= Entries supplied =
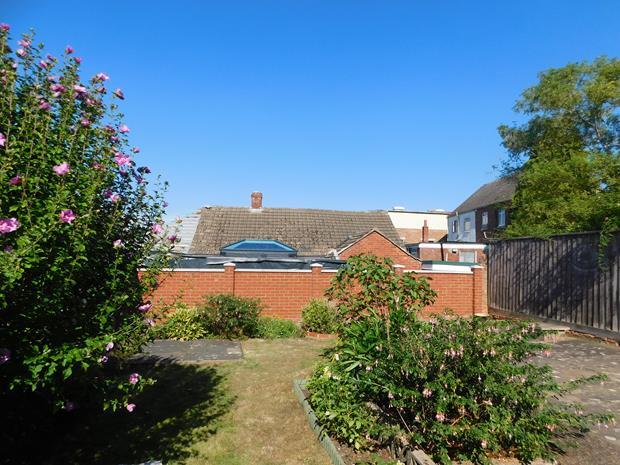 2 South Close Garden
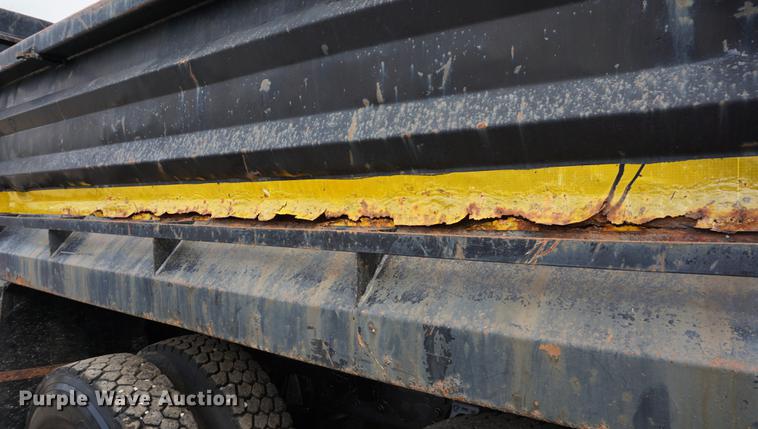 image for item DA1263 2000 International F4900 dump truck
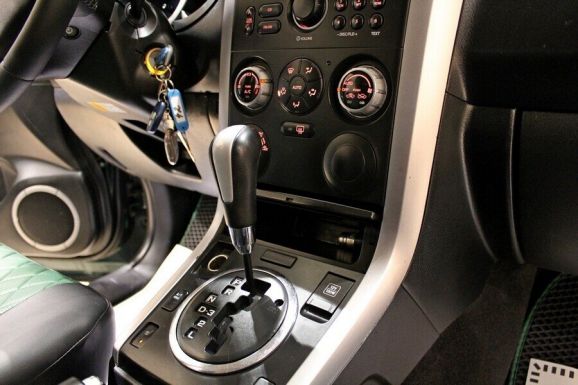 Suzuki Grand Vitara, 2.0 л, АТ, 2008 фото 9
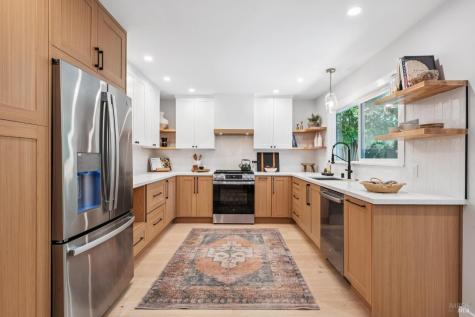 75 San Carlos Way Novato CA 94945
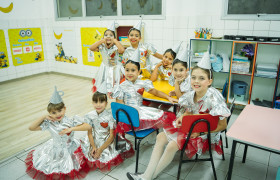 Musical Múltipla em Cena Kids "O mágico de Oz" (Anos Iniciais)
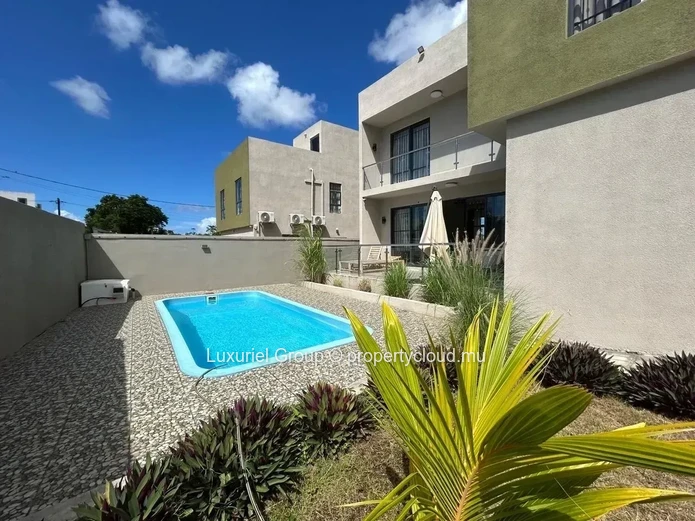 Modern 4-Bedroom Villa with Swimming Pool – Pereybere
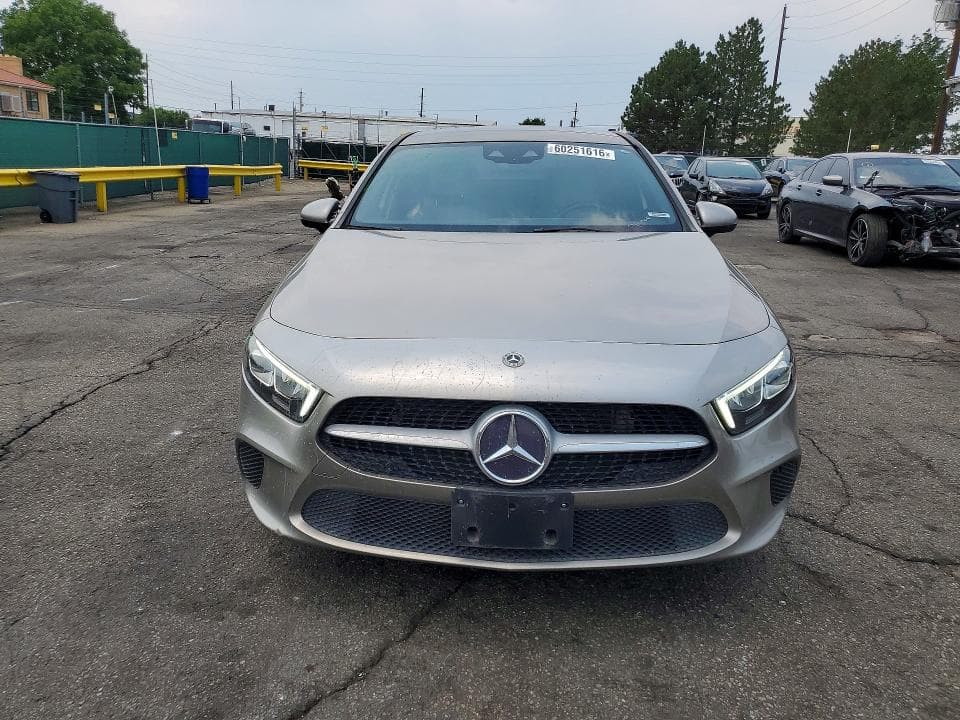 2019 MERCEDES-BENZ A 220 4MATIC 5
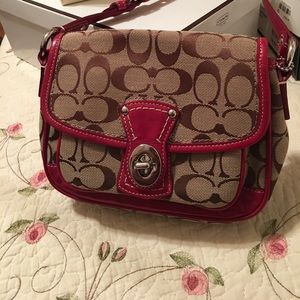 Small coach handbag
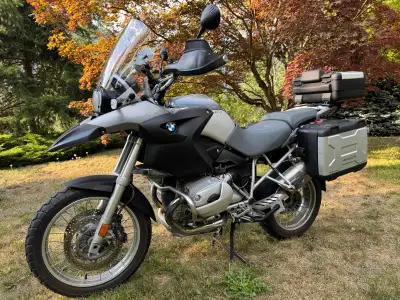 If you are looking for a BMW R 1200 GS that has been really well maintained with only highway kms, t...
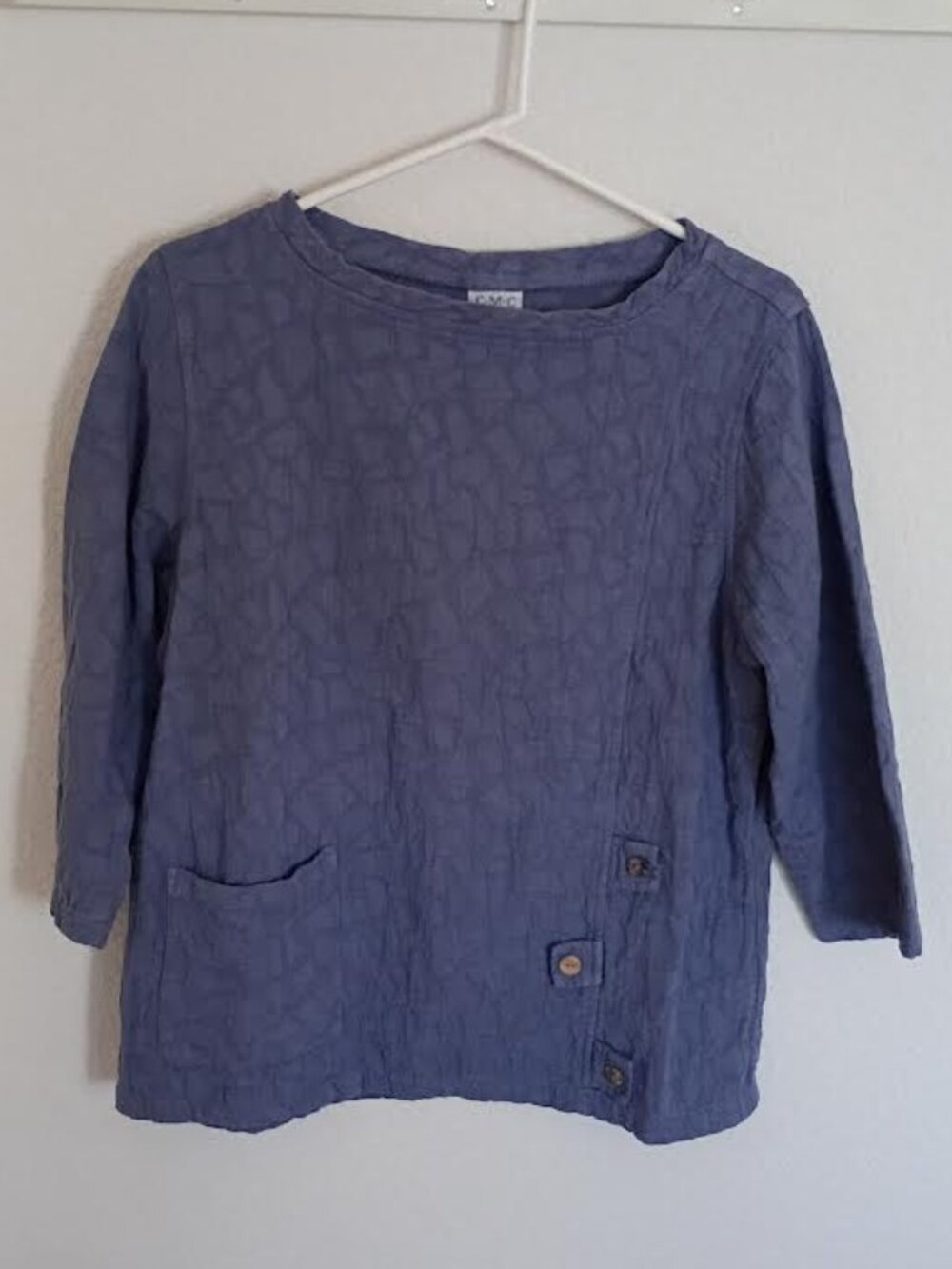 CMC MADE IN USA WOMEN'S TOP PERIWINKLE 3/4 SLEEVE FRONT POCKET BUTTON DETAIL MED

= Work item =
Please repeat every record exactly as it stands, leaving out any pictures.

= Solution to this task =
 2 South Close Garden
 image for item DA1263 2000 International F4900 dump truck
 Suzuki Grand Vitara, 2.0 л, АТ, 2008 фото 9
 75 San Carlos Way Novato CA 94945
 Musical Múltipla em Cena Kids "O mágico de Oz" (Anos Iniciais)
 Modern 4-Bedroom Villa with Swimming Pool – Pereybere
 2019 MERCEDES-BENZ A 220 4MATIC 5
 Small coach handbag
 If you are looking for a BMW R 1200 GS that has been really well maintained with only highway kms, t...
 CMC MADE IN USA WOMEN'S TOP PERIWINKLE 3/4 SLEEVE FRONT POCKET BUTTON DETAIL MED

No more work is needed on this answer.